Humboldt County Auditor-Controller Karen Paz Dominguez. | Screenshot from a September meeting.


Humboldt County’s government is at serious risk of losing millions of dollars in reimbursement from state and federal agencies because of delays in the Auditor-Controller’s office, according to the staff report for what promises to be a contentious meeting on Monday.

The report is a doozy — seven pages sounding the alarm over “operational gaps” in the office of Auditor-Controller Karen Paz Dominguez. These gaps, which include delayed payments, overdue transfers and late posting of financial transactions, could have “massive implications, including service reductions, staff furloughs and/or lay-offs,” the report states.

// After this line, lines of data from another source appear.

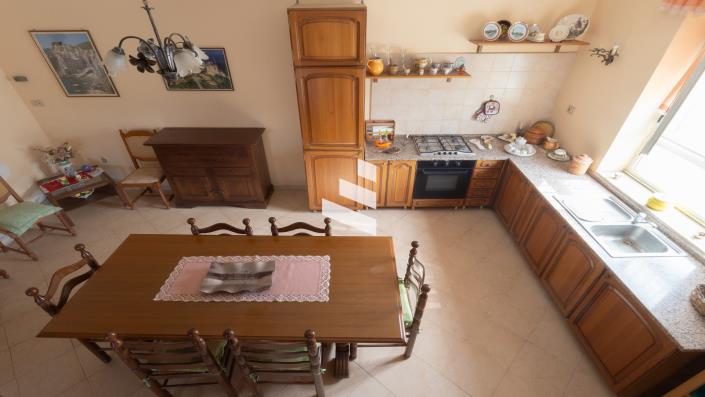 Image No.10-4 Bed Villa for sale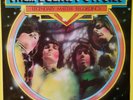 BELFAST GYPSIES - Them Belfast Gypsies (1978 mono reissue on UK Sonet) EX/EX(+)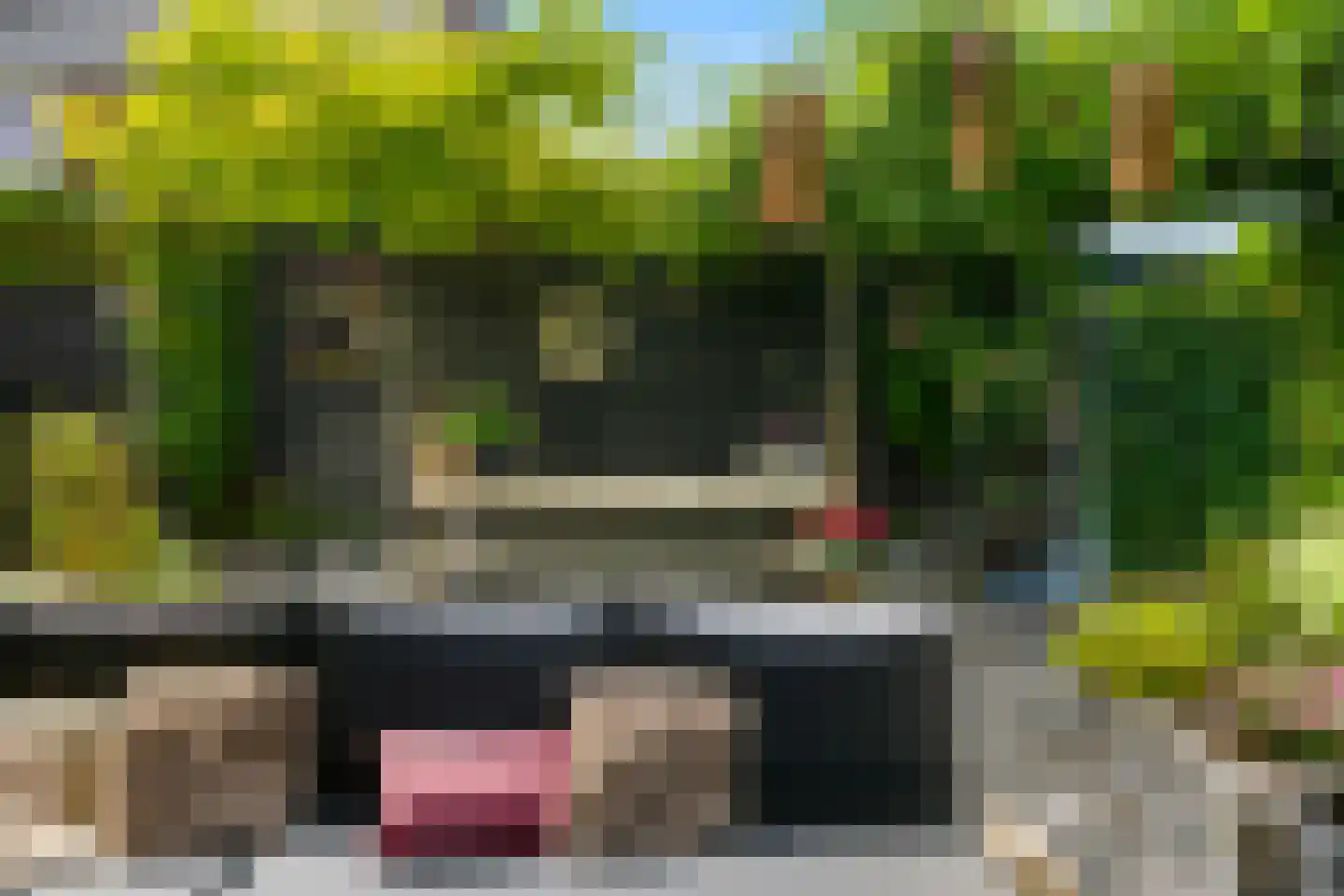 Neeltje Breedveldkade 25 Rotterdam thumbnail 57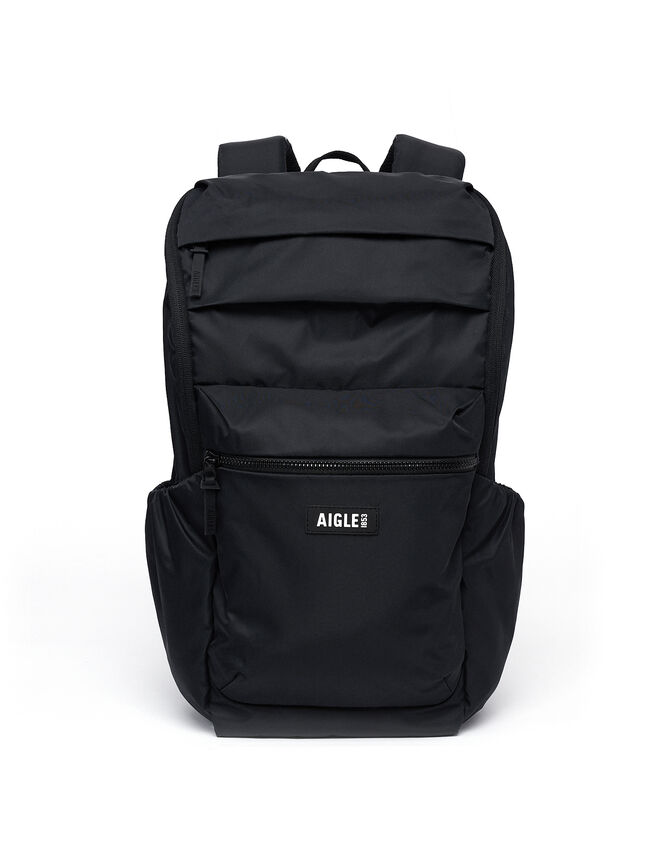 AAS25UBAC003
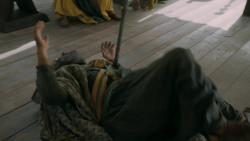 extant_GameOfThrones_5x09-TheDanceOfDragons_4640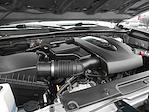 2019 Toyota Tacoma Double Cab 4WD Pickup for sale #995817A - photo 11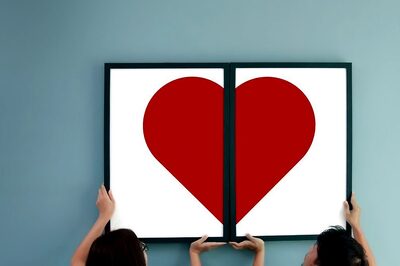 Struggling To Communicate Your Needs In A Relationship? These Tips might help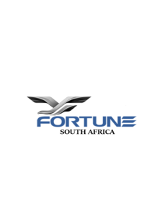 FORTUNE SOUTH AFRICA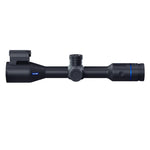 PARD Night Stalker 4K EX 850 IR 70mm 5.5-11 LRF Digital Night Vision Scope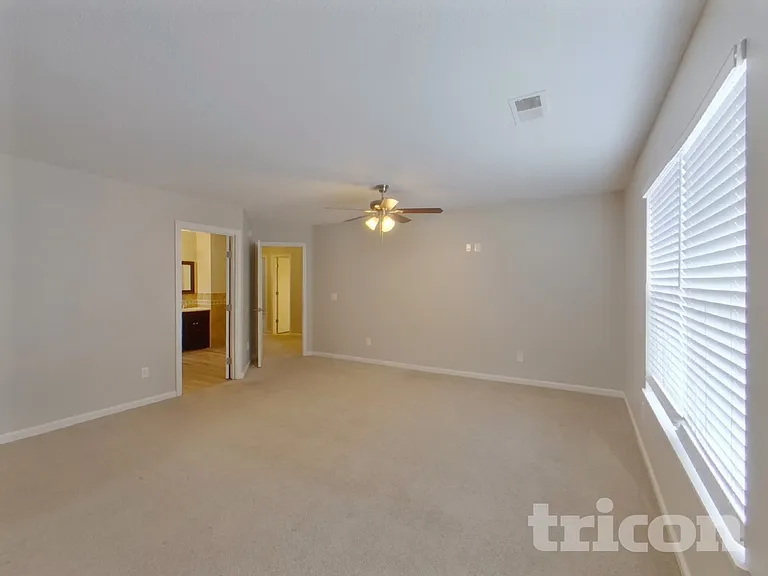 237 Tea Olive Ave — Photo 9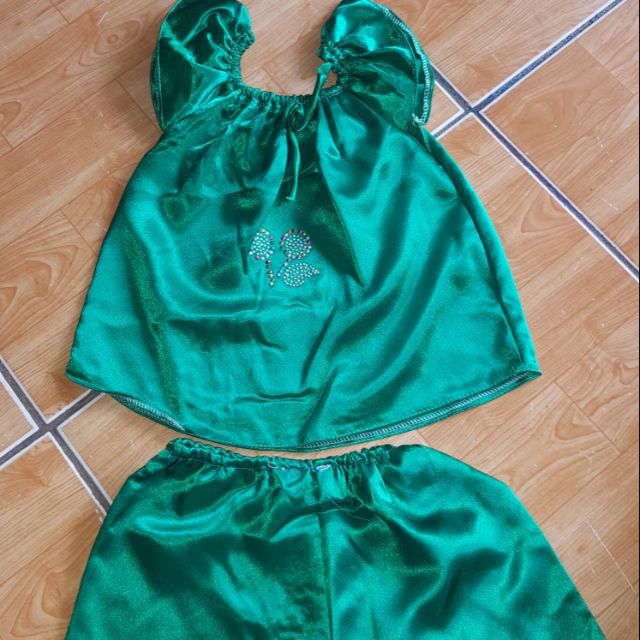 Combo Đồ bộ trẻ em
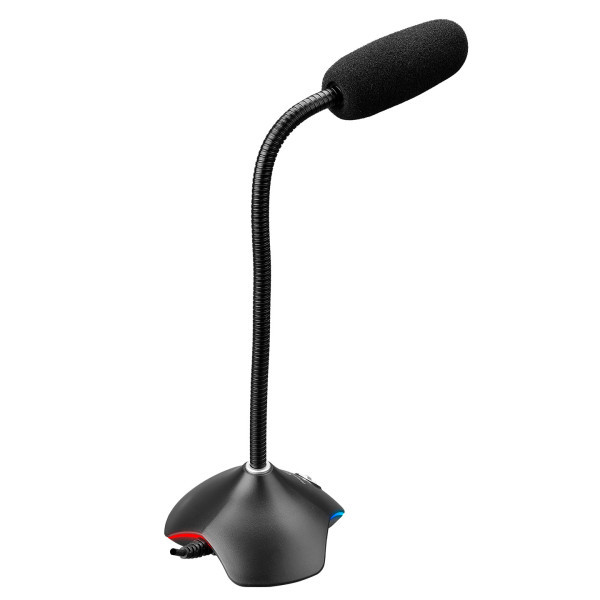 https://www.hobotnica.rs/images/products/big/28387.jpg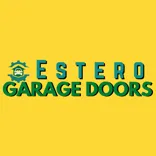 Garage Door Repair Estero FL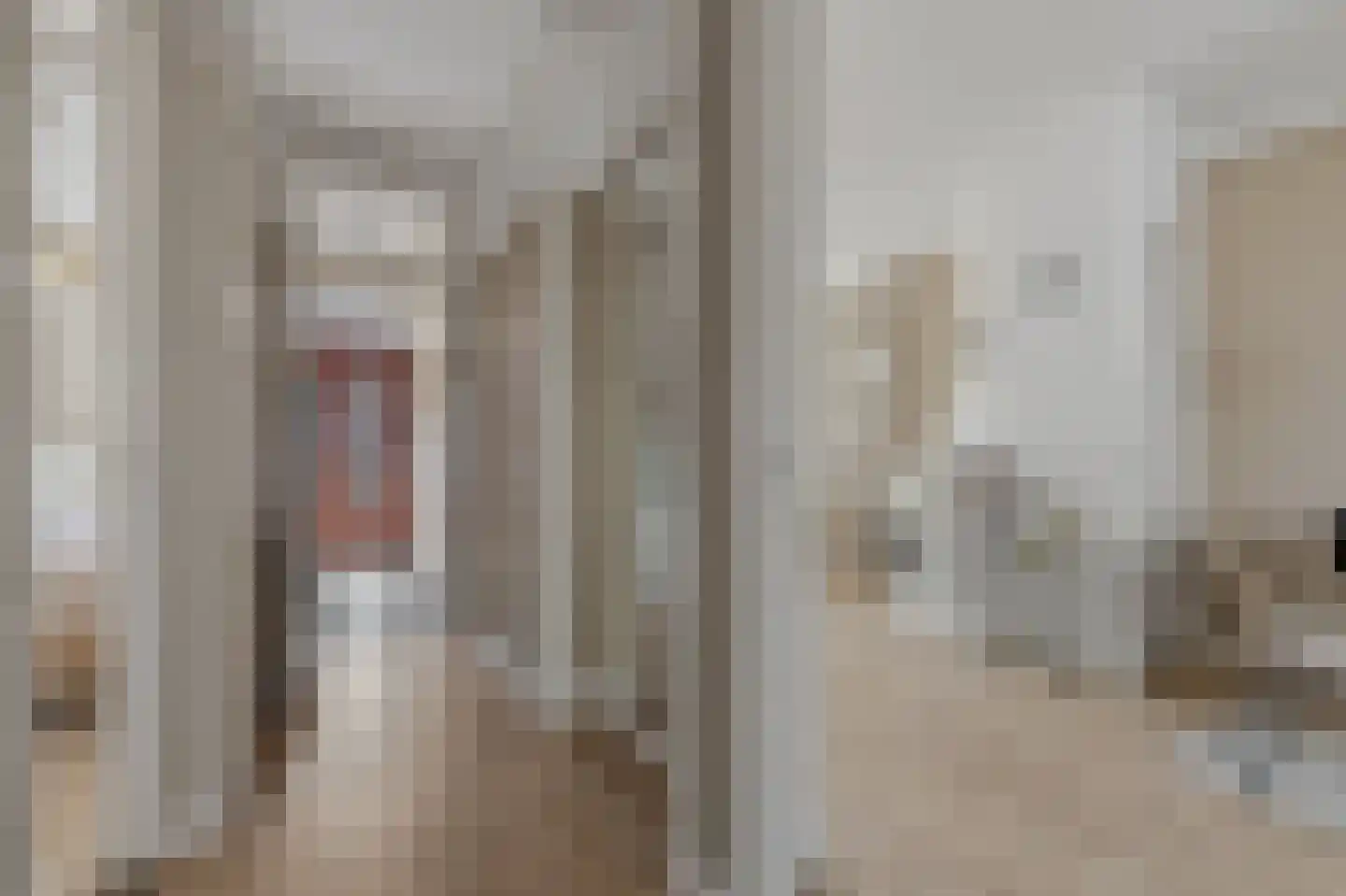 Seinpoststraat 28 Den Haag thumbnail 6
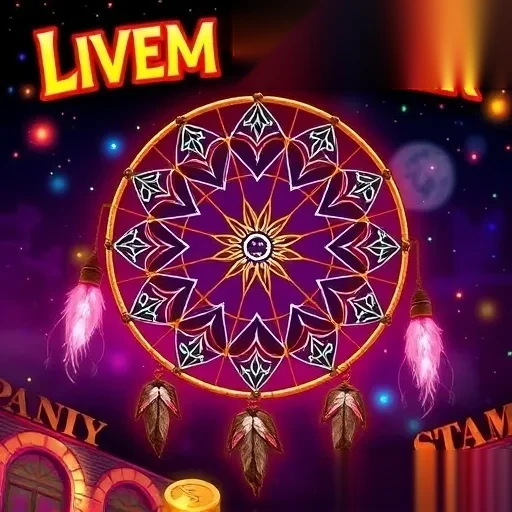 Aviator crash game bet559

Paz Dominguez, meanwhile, says she and her employees are simply being meticulous and responsible in managing public funds, refusing to “rubber stamp” and cut corners despite serious understaffing in her office.

Monday’s special meeting of the Humboldt County Board of Supervisors was initiated by First District Supervisor Rex Bohn and Fourth District Supervisor Virginia Bass. The two of them have fiscal oversight responsibilities as the board’s Budget Ad Hoc Committee.

In a statement emailed to the Outpost on Saturday, Bass said, “We find ourselves in a situation that has been brewing for a bit of time that has the potential to be very devastating for our county, both our employees and the citizens who live here.”

Bass said the situation is not adversarial — not the Board of Supervisors versus Paz Dominguez. Rather, the meeting is an attempt “to get all the information out on the table so that we can make informed decisions on how to best move forward … .”

Bohn said the delayed payments are having serious impacts.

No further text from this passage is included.